In an example, a flow of the prediction method is described by taking a deep neural network model as an example, as shown in fig. 2, the method specifically includes the following steps:
s1, acquiring a three-dimensional structure (corresponding to the protein and ligand molecule compound in figure 2) of the combination of the protein and the ligand molecule from the PDBbind data set, and storing the three-dimensional structure in a local server; based on the crystal structure data in the PDB database and the PDBbind database, a local database is established in a local database server through data preprocessing so as to store PDB files of protein and ligand molecules.
S2 data in pdb document are analyzed to obtain ligand molecules and protein binding pockets centered around the ligand moleculesAmino acid molecules within distance.
S3 calculates MACCS keys for the ligand molecules and binding pocket amino acids, respectively (corresponding to the protein structure, ligand molecule structure codes in fig. 2).
S4 ECFP fingerprints (corresponding to the protein structure, ligand molecule structure codes in FIG. 2) were calculated for the ligand molecules and the amino acids in the binding pocket, respectively.
S5, converting the MACCS key and ECFP fingerprint information of ligand molecules and the MACCS key and ECFP fingerprint information of protein binding pocket amino acids into one-dimensional tensors, correspondingly encoding all molecules in a local database to form a combined fingerprint of the protein and the ligand molecules, and splitting the combined fingerprint into a training set and a testing set according to the ratio of 8: 2.
S6, establishing a deep neural network model in the server, training the deep neural network model by using a training set, and verifying the trained deep neural network model by using a test set until a preset prediction effect is obtained. Specifically, the constructed deep neural network model comprises two hidden layers, wherein the first hidden layer (fully connected layer) comprises 2048 neurons, the second hidden layer (fully connected layer) comprises 100 neurons, and each hidden layer is followed by a dropout layer with a loss ratio of 0.1.

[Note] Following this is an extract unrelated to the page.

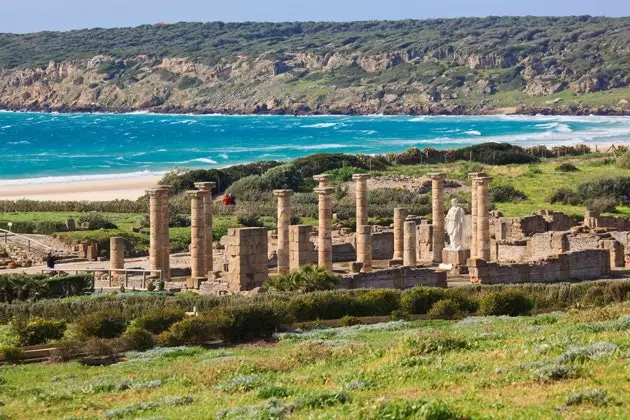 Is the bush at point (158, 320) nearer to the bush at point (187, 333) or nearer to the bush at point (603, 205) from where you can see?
the bush at point (187, 333)

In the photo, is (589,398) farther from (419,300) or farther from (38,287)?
(38,287)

S7, calculating a combination constant obtained by predicting the machine learning model, comparing the Pearson correlation coefficient and the absolute error with the experimental result, and verifying the prediction result of the machine learning model.
S8, the machine learning model after training is used for predicting the binding constant of the protein and the ligand molecule, and the binding constant is converted into the binding freedom through an Alanikus formula, so that the prediction of the binding self-organizing ability is completed.

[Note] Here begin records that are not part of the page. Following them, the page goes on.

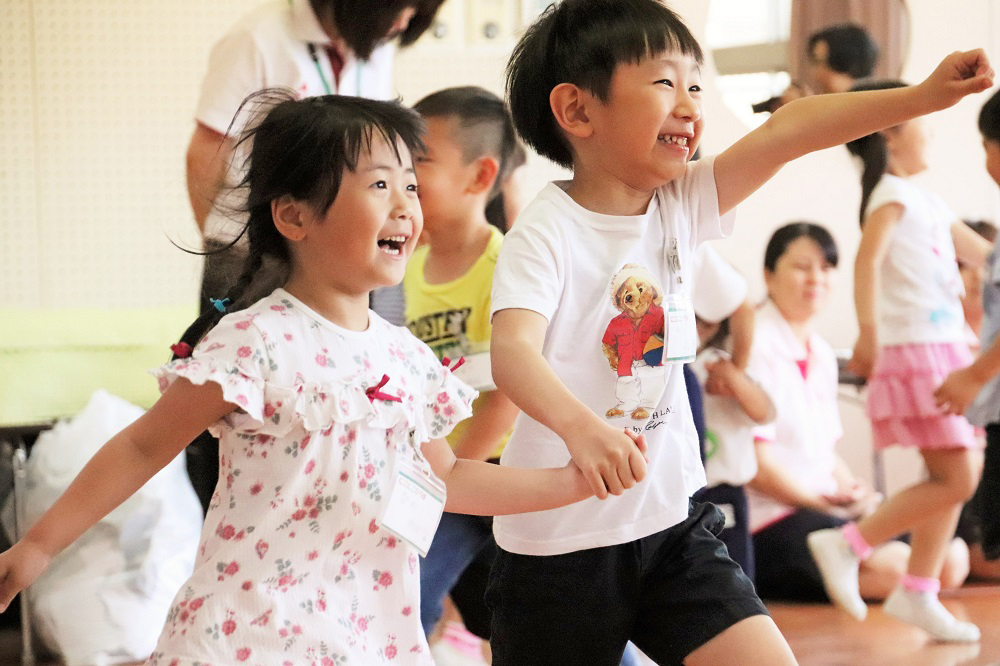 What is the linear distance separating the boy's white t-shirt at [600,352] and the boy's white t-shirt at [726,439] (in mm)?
1689

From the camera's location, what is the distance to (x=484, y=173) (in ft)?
7.20

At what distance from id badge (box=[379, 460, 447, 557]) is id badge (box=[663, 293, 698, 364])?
0.34 metres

In this example, no optimization of the hyper-parameters is performed, and the same hyper-parameters are used for the individual MACCS, ECFP and combined fingerprints. In other examples, the prediction results may be further enhanced by hyper-parametric optimization of the system.
In another example, a flow of the prediction method is described by taking a random forest model as an example, as shown in fig. 3, the method specifically includes the following steps:
s1, acquiring a three-dimensional structure (corresponding to the protein and ligand molecule compound in figure 3) of the combination of the protein and the ligand molecule from the PDBbind data set, and storing the three-dimensional structure in a local server; based on the crystal structure data in the PDB database and the PDBbind database, a local database is established in a local database server through data preprocessing so as to store PDB files of protein and ligand molecules.
S2 data in pdb document are analyzed to obtain ligand molecules and protein binding pockets centered around the ligand moleculesAmino acid molecules within distance.
S3 calculates MACCS keys for the ligand molecules and binding pocket amino acids, respectively (corresponding to the protein structure, ligand molecule structure codes in fig. 3).
S4 ECFP fingerprints (corresponding to the protein structure, ligand molecule structure codes in FIG. 3) were calculated for the ligand molecules and the amino acids in the binding pocket, respectively.
S5, converting the MACCS key and ECFP fingerprint information of ligand molecules and the MACCS key and ECFP fingerprint information of protein binding pocket amino acids into one-dimensional tensors respectively, and splitting the tensors into a training set and a testing set according to the ratio of 7: 3.
S6, establishing a random forest model in the server, training the random forest model by using the training set, and verifying the trained random forest model by using the testing set until a preset prediction effect is obtained.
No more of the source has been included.